11 Ağustos 2021 sonrasında afet mağduru tüm ilçelerimizin başına koordinatör valiler görevlendirilmişti hatırlarsanız…
Farklı ilçelerin kaymakamları da ilimizde görev yapmışlardı afet mağduriyetini ortadan kaldırmak için.
Farklı illerin il özel idarelerinin makine parkurları getirilmişti...
Günlerce hummalı çalışma.
Bizatihi…
Bakanlar gözetiminde çalışılmıştı.
Bugün anladık ki…
Belediye Başkanı Civelek’in iddiasına göre Azdavay’da hiçbir şey yapılmamış.
Öbür ilçelerimizi bilmiyoruz…
Belki oralarda da üç aşağı beş yukarı aynı durum.
Her afet sonrası Azdavay’da hem vatandaşa hem de devlete yazık…
Yeni bir afet olsa Allah’a emanet mi Azdavay?
Bu halin açıklamasını söz konusu dönem boyu ilimizde görev yapan siyasiler ve bürokratlar nasıl açıklıyorlar?..
Bilanço ortada.
Farklı doğal afet riskleri altındaki Kastamonu’nun, Azdavay Belediye Başkanı Civelek’in çizdiği tablo dikkate alındığında afetlere karşı dirençli ve korunaklı hale gelmesi mümkün değil, görünen köy hiç güvenli değil…
Kastamonu bu hale hiç layık da değil ayrıca.
Vatandaş kelle koltukta…
İdare inandırıcılığını yitirmiş.
Nasıl olacak?..
Kim cevap verecek?
Not: Yerleşime ilişkin “Vatandaşlarımızın da gerekli tedbirleri alması gerekir” deniyor devlet yetkililerince…
“Artık dere kenarlarına yakın yerlerde yapılaşmalar olmamalı.”
İllaki olmamalı…
Bunun yolu vatandaşın tedbir almasından değil, bizatihi imar ruhsatı veren yerel yönetimlerin “tedbir” almasından geçiyor, ruhsat vermesin.
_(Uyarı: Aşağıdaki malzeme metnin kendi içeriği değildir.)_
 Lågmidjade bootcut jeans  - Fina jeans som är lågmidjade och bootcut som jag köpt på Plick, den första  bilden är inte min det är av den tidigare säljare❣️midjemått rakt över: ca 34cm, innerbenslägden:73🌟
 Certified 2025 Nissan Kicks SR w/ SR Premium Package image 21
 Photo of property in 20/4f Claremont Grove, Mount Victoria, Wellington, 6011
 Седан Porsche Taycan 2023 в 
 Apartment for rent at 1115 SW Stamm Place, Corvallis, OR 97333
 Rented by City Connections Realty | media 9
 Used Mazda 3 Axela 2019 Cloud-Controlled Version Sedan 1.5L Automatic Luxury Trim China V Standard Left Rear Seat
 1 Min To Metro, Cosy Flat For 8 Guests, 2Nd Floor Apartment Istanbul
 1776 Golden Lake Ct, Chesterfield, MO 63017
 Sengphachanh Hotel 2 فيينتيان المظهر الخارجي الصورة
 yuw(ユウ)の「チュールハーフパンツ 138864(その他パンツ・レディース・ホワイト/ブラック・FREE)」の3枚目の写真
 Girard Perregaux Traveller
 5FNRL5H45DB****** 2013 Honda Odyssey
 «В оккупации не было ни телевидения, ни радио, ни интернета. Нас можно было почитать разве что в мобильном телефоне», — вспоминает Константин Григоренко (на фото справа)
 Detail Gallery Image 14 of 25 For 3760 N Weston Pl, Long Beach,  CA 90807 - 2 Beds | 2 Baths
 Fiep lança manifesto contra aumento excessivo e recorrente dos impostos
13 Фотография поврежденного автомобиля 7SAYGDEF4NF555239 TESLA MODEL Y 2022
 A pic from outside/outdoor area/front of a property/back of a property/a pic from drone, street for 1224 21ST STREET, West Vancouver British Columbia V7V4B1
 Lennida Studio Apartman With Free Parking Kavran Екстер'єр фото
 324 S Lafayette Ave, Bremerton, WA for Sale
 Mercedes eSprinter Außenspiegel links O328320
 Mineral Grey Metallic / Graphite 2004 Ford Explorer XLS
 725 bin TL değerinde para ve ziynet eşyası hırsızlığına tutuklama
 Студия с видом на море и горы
Vatandaş dere kenarına “gecekondu” yapmıyor…
Yasal prosedürleri tamamladıktan sonra inşaata başlıyor.
Belediye dere kenarına ruhsat versin…
Vatandaş inşaat yapmasın öyle mi?
Bunu mu diyoruz?..
Çıkan anlam bu.
İlimizde yaşanan 3 felaket sonrasında…
Yerel yönetimler aleyhinde bir dava açıldı mı mülki idare tarafından?